Questioner (Q): My sister believes in Christianity and she has also changed her religion. Now, she says that I am on the wrong path. What is the right path and how religion and spirituality are connected?
Acharya Prashant (AP): When the subtle becomes gross, rather the subtle is turned into gross, then all these religious prejudices are born. So when someone says, “Jesus”, one has to first ask, “Who is Jesus?” What do you mean by Jesus? The son of Mary? Who is Jesus?
When somebody says, “I have found my path”, the question to be asked is, “Whose path?” From the gross, inquiry must move to the subtle. And that is also the relation between religion and spirituality. The Truth is subtler than the subtlest. Spirituality is subtle. Religion is gross.
We get attracted to names, forms, conventions. Jesus is not the name or form of Jesus. Who is Jesus? And if you look at the Bible closely, then there is enough in the Bible to clearly see and demonstrate that those who are ardent evangelists are the ones who, probably, missed Jesus the most.

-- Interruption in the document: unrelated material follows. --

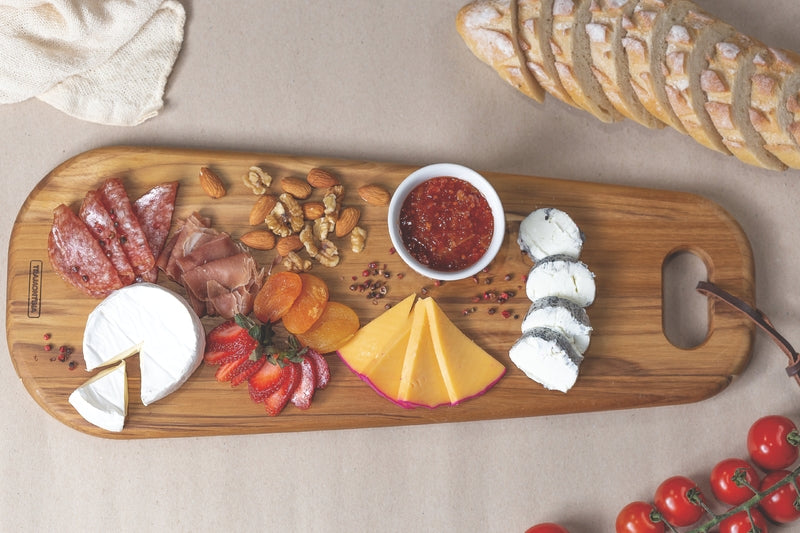 Tabla de antipasto de madera de teca Tramontina Provence, 48 x 19 cm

There are two kinds of missionary zeal. One is, when you have really dissolved, really found, and then what you have found disseminates itself from your being. Or rather non-being. This is love. You are like the Sun. You must radiate. This first form of zeal is love.

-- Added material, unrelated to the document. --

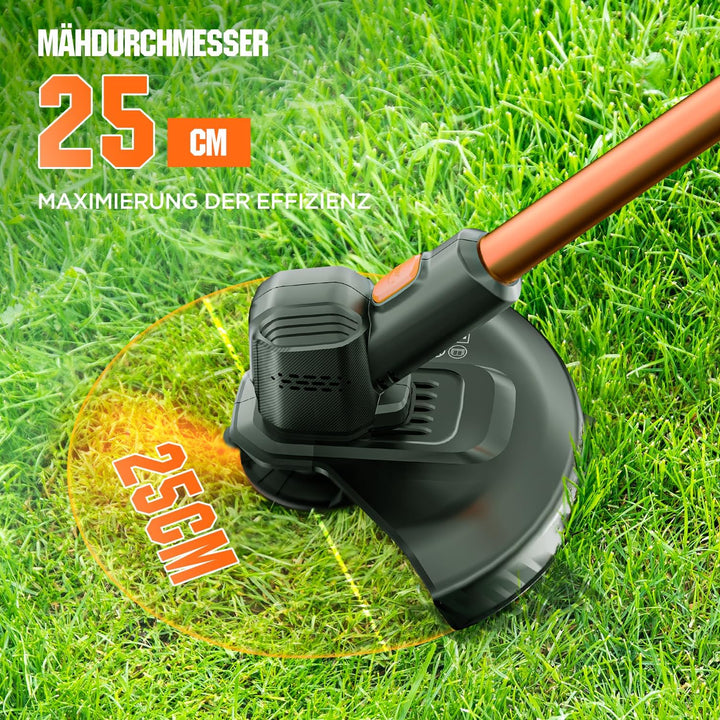 Litheli 20V Akku-Laubbläser (137km/h) & Rasentrimmer (25cm), starker Motor, Geeignet für Gartenrasen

And then the second form of zeal is when you have not found and you know that you have not found and because you have not found you are insecure. And to cover up your insecurity, you want to gather numbers around you. Because insecurity requires a crowd. Insecurity requires that there must be more like you. Insecurity has a need to prove itself.
So to convince yourself, that you are not as, in a much-debauched state as you really are, you turn outwards. This is evangelism. You are trying to convert the other because you are yourself not converted.
And there is a great difference between love and evangelism. In love too, you bring something precious to the other. But in love, you bring something precious to the other for the sake of the other. In evangelism, you bring something to the other…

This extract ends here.